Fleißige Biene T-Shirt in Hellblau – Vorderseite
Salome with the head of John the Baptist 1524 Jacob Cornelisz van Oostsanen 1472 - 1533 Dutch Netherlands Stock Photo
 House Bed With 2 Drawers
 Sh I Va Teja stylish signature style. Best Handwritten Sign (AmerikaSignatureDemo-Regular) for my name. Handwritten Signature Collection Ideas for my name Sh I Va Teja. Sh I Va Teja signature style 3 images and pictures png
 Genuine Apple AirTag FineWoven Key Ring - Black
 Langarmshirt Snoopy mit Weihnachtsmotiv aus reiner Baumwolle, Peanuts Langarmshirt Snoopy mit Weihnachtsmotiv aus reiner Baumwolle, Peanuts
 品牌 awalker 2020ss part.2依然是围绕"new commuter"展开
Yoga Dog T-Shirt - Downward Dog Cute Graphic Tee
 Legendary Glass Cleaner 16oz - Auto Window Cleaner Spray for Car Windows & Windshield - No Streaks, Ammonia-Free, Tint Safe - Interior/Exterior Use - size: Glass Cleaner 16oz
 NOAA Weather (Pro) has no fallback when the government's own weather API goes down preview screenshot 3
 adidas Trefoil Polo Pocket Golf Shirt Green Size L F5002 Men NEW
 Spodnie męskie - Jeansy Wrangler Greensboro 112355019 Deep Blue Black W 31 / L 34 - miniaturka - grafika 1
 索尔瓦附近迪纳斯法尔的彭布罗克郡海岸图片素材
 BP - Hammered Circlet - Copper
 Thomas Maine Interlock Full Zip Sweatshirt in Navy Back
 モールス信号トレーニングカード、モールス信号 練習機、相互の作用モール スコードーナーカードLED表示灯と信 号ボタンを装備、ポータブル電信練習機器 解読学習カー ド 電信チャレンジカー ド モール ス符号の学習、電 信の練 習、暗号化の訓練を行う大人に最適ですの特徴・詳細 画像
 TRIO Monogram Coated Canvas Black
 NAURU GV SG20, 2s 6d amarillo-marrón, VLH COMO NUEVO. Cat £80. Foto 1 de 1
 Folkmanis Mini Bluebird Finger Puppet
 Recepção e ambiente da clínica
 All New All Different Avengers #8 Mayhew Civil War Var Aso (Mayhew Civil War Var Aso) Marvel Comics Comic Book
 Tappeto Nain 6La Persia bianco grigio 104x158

EXERCISE INSTRUCTIONS — Copy out each record above exactly, leaving nothing out.

REPLY TO THE EXERCISE —
Fleißige Biene T-Shirt in Hellblau – Vorderseite
Salome with the head of John the Baptist 1524 Jacob Cornelisz van Oostsanen 1472 - 1533 Dutch Netherlands Stock Photo
 House Bed With 2 Drawers
 Sh I Va Teja stylish signature style. Best Handwritten Sign (AmerikaSignatureDemo-Regular) for my name. Handwritten Signature Collection Ideas for my name Sh I Va Teja. Sh I Va Teja signature style 3 images and pictures png
 Genuine Apple AirTag FineWoven Key Ring - Black
 Langarmshirt Snoopy mit Weihnachtsmotiv aus reiner Baumwolle, Peanuts Langarmshirt Snoopy mit Weihnachtsmotiv aus reiner Baumwolle, Peanuts
 品牌 awalker 2020ss part.2依然是围绕"new commuter"展开
Yoga Dog T-Shirt - Downward Dog Cute Graphic Tee
 Legendary Glass Cleaner 16oz - Auto Window Cleaner Spray for Car Windows & Windshield - No Streaks, Ammonia-Free, Tint Safe - Interior/Exterior Use - size: Glass Cleaner 16oz
 NOAA Weather (Pro) has no fallback when the government's own weather API goes down preview screenshot 3
 adidas Trefoil Polo Pocket Golf Shirt Green Size L F5002 Men NEW
 Spodnie męskie - Jeansy Wrangler Greensboro 112355019 Deep Blue Black W 31 / L 34 - miniaturka - grafika 1
 索尔瓦附近迪纳斯法尔的彭布罗克郡海岸图片素材
 BP - Hammered Circlet - Copper
 Thomas Maine Interlock Full Zip Sweatshirt in Navy Back
 モールス信号トレーニングカード、モールス信号 練習機、相互の作用モール スコードーナーカードLED表示灯と信 号ボタンを装備、ポータブル電信練習機器 解読学習カー ド 電信チャレンジカー ド モール ス符号の学習、電 信の練 習、暗号化の訓練を行う大人に最適ですの特徴・詳細 画像
 TRIO Monogram Coated Canvas Black
 NAURU GV SG20, 2s 6d amarillo-marrón, VLH COMO NUEVO. Cat £80. Foto 1 de 1
 Folkmanis Mini Bluebird Finger Puppet
 Recepção e ambiente da clínica
 All New All Different Avengers #8 Mayhew Civil War Var Aso (Mayhew Civil War Var Aso) Marvel Comics Comic Book
 Tappeto Nain 6La Persia bianco grigio 104x158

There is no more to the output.